→ Task inputs
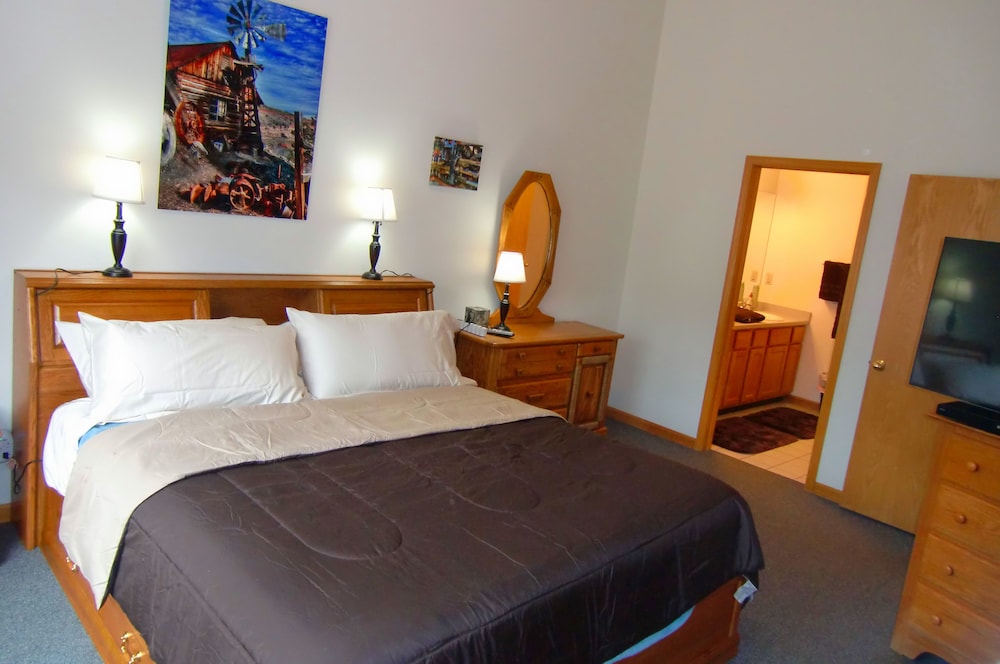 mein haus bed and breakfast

---

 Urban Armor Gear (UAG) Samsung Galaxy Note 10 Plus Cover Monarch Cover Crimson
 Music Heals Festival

...

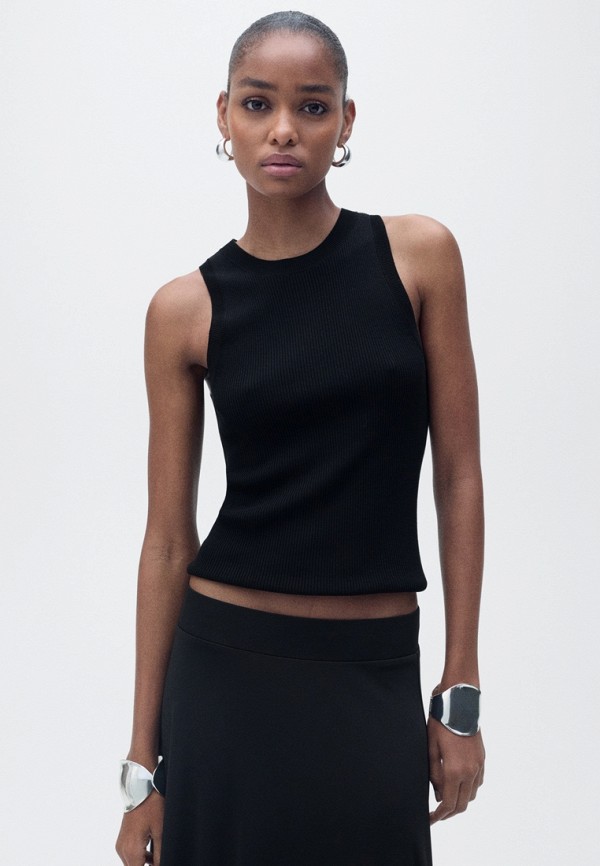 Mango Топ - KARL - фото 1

→ The task
Above are the entries. Output exactly the lines beginning with the line that has "Urban Armor Gear" and ending with the line that has "Music Heals Festival".

→ Response area
 Urban Armor Gear (UAG) Samsung Galaxy Note 10 Plus Cover Monarch Cover Crimson
 Music Heals Festival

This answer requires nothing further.